The big-budget launches come amid a host of smaller entries showcased at last week's National Association of Chain Drug Stores convention, indicating the new product floodgates are opening wider following a difficult year. Moreover, sales of non-foods category have rebounded (see related story, P. 6).
In August, Colgate launches Colgate Total Plus Whitening toothpaste, which will be included in an overall marketing effort of more than $50 million behind the gingivitis-fighting Total brand, according to a representative at the National Association of Chain Drug Stores convention in San Diego last week. In addition, Colgate is putting $50 million in marketing support starting in September behind Simply White, its at-home tooth whitening kit that hits retail stores in mid-August.
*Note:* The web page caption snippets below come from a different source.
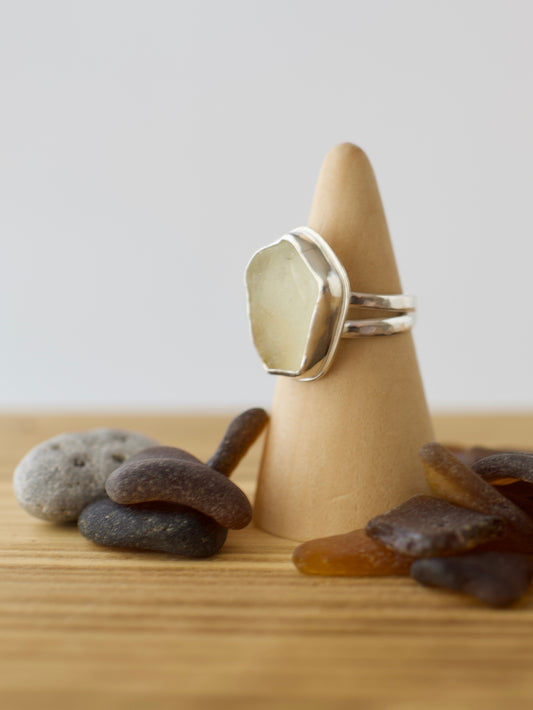 H. One-of-a-Kind Great Lakes Beach Glass Ring - Unique Soft Yellow  - Size 7.25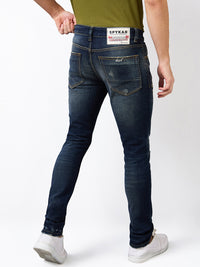 Men Jeans Slim Fit Vintage Blue Low Rise
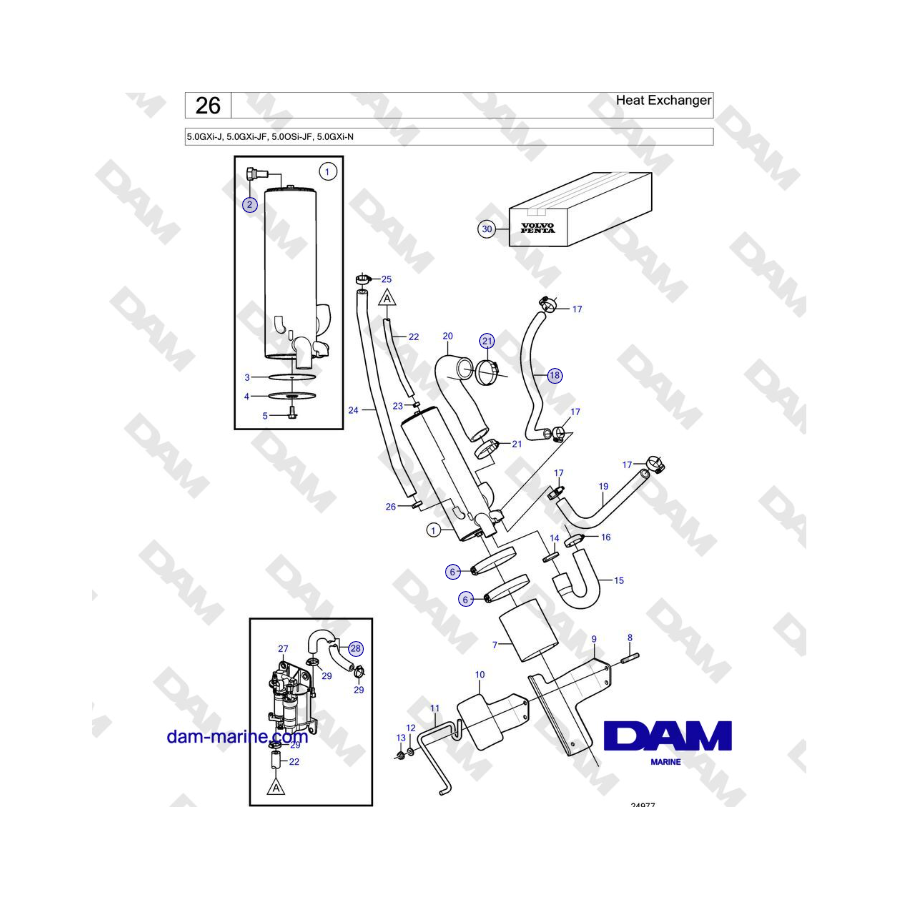 Volvo Penta 5.0GXi-J, 5.0GXi-JF, 5.0OSi-JF, 5.0GXi-N - Heat Exchanger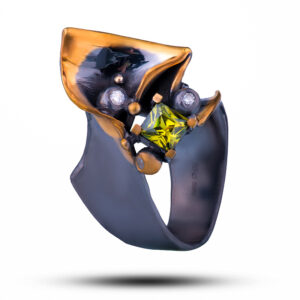 Кольцо «Волна», камень фианит, размер 18,25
Simply White takes on Procter & Gamble Co.'s Crest Whitestrips but at a roughly 60% lower price of $14.99 for a two-week treatment kit. WPP Group's Y&R Advertising, New York, handles Colgate toothpastes.
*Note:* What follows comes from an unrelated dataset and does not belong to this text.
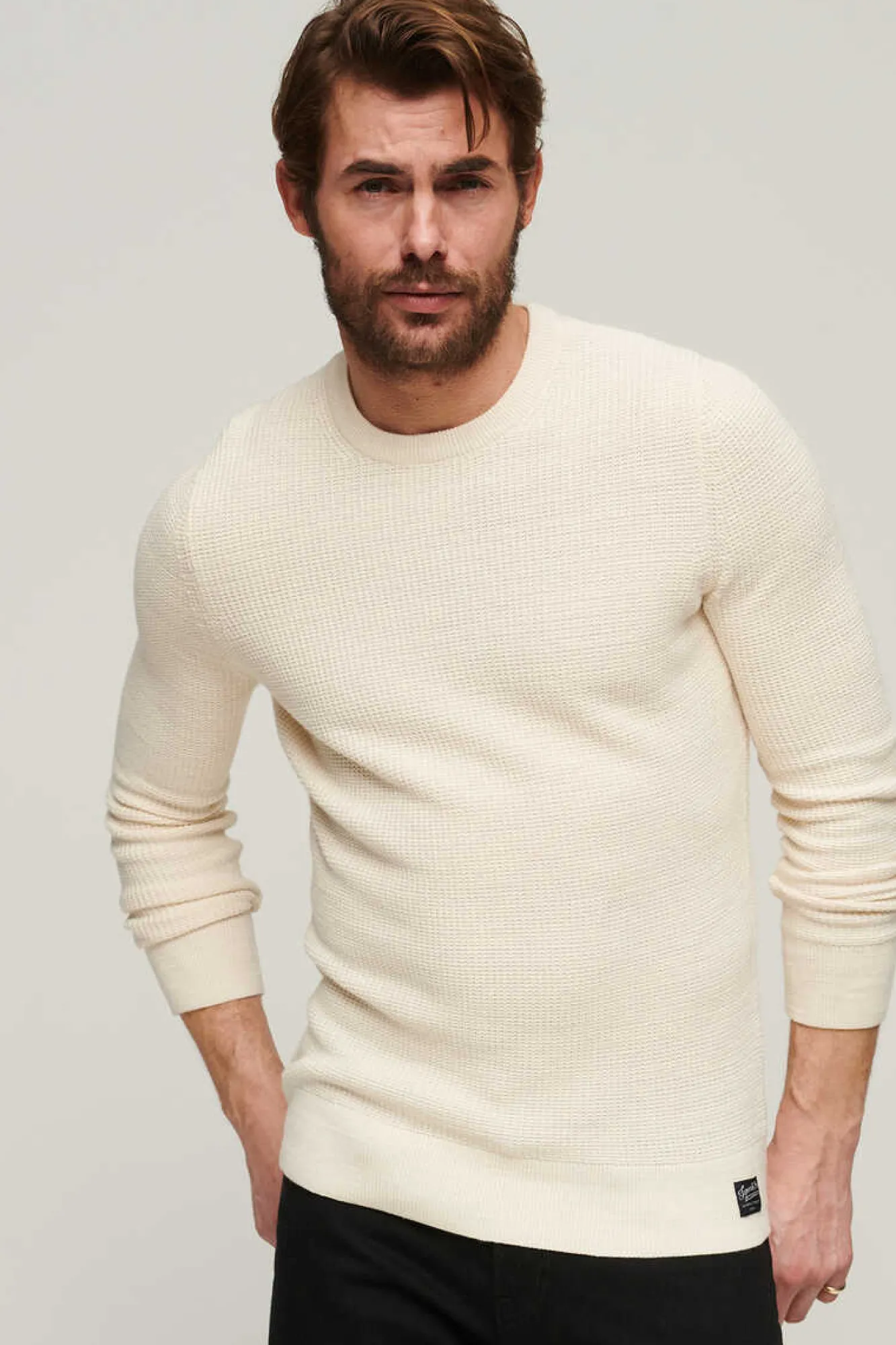 Superdry Camisola De Malha De Gola Redonda E Textura Cru Clearance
Elsewhere on the personal care front, Coty plans to boost its overall 2003 U.S. ad spending more than 10% to $62.6 million behind spring launches of a new Adrenaline skincare brand for men, a new women's extension of Adidas antiperspirant, and a product and packaging upgrade for its men's underarm line Adidas Performance.
kobe for coty?
As usual, Coty will earmark most of the outlay, more than $50 million, for magazines; another $8 million will go toward TV and radio in 2003, concentrating early in the year on the Adrenaline and Adidas launches. The remainder will go into events, promotions and other media. The company is in talks with Los Angeles Lakers star Kobe Bryant to pitch Adidas Performance, a spokeswoman said. Badger Kry, New York, handles the brands.
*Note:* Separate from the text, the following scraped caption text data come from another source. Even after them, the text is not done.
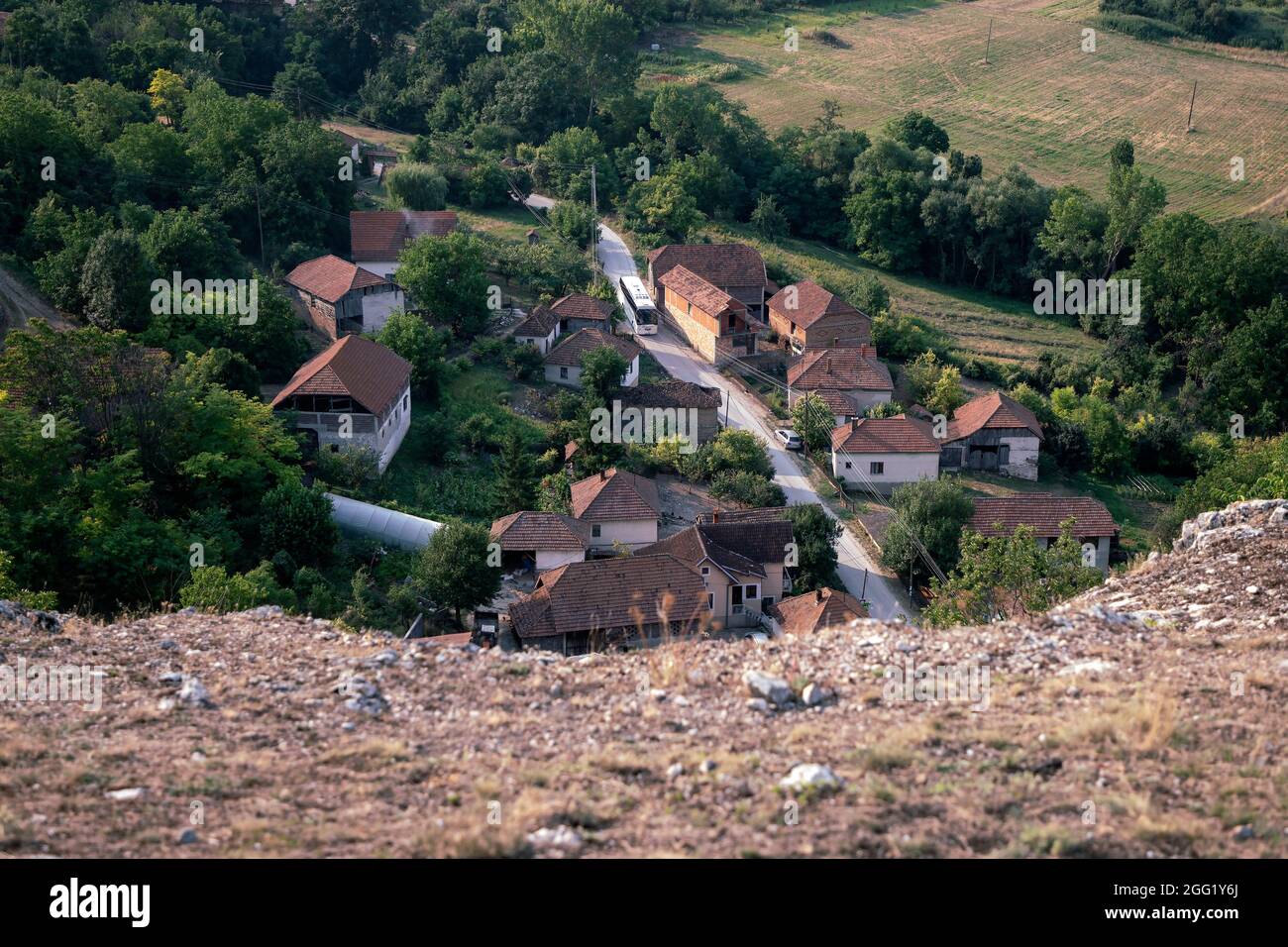 View of Village Vrmdža in Eastern Serbia Stock Photo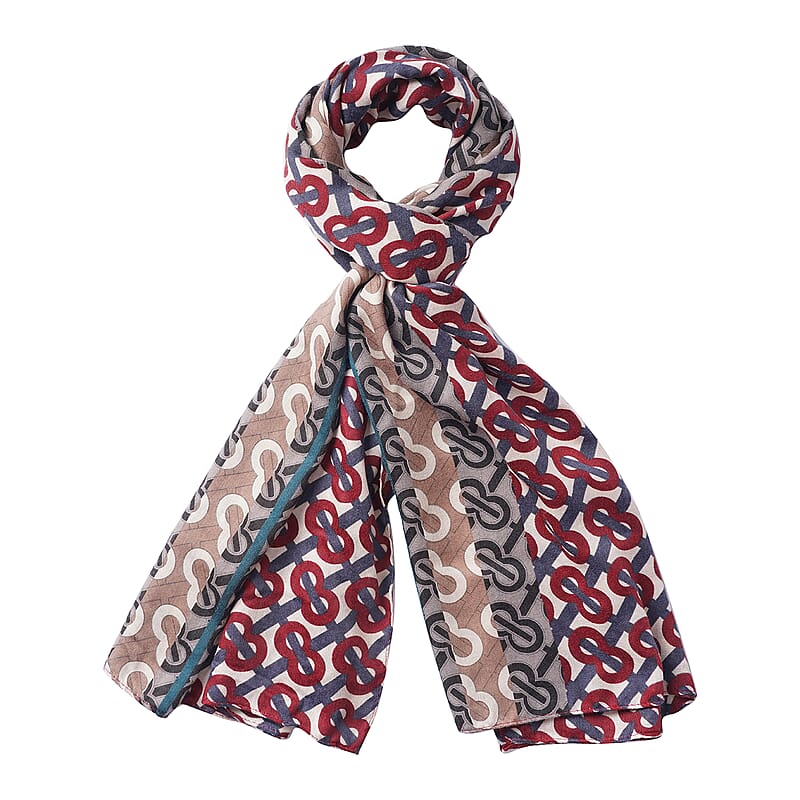 Multi Color Lattice Pattern Cotton & Linen Scarf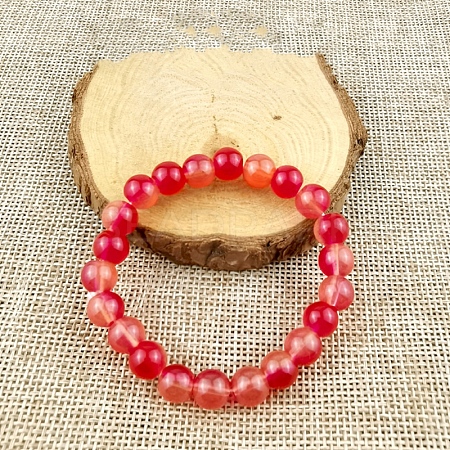 Glass Imitation Natural Agate Round Beaded Stretch Beaded Bracelets WG8D788-10-1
Adidas and Adrenaline target increasingly competitive categories. In deodorants, for instance, Adidas will go up against Revlon's launch of Almay antiperspirant for women and Unilever's Axe deodorant/body spray for men, both set for this fall.
Also storming a crowded market is S.C. Johnson, taking on the burgeoning oxygenation cleaner category spawned by Orange Glo International's OxiClean with Shout Oxy Power, a line that joins recent entries from Clorox Co. and Unilever. SCJ's aerosol-powered wet mop Pledge Grab-It Go Mop, will join entries from Clorox and P&G's Swiffer in August.
S.C. Johnson also hopes to spawn two new home-care segments with fall rollouts of Saran Disposable Cutting Sheets and Scrubbing Bubbles Fizz-Its toilet bowl cleaning tablets. The Saran cutting sheets are designed to absorb drippings from food and be used atop cutting boards or counters. Fizz-Its are effervescent tablets dropped into the toilet bowl that reduce need for scrubbing.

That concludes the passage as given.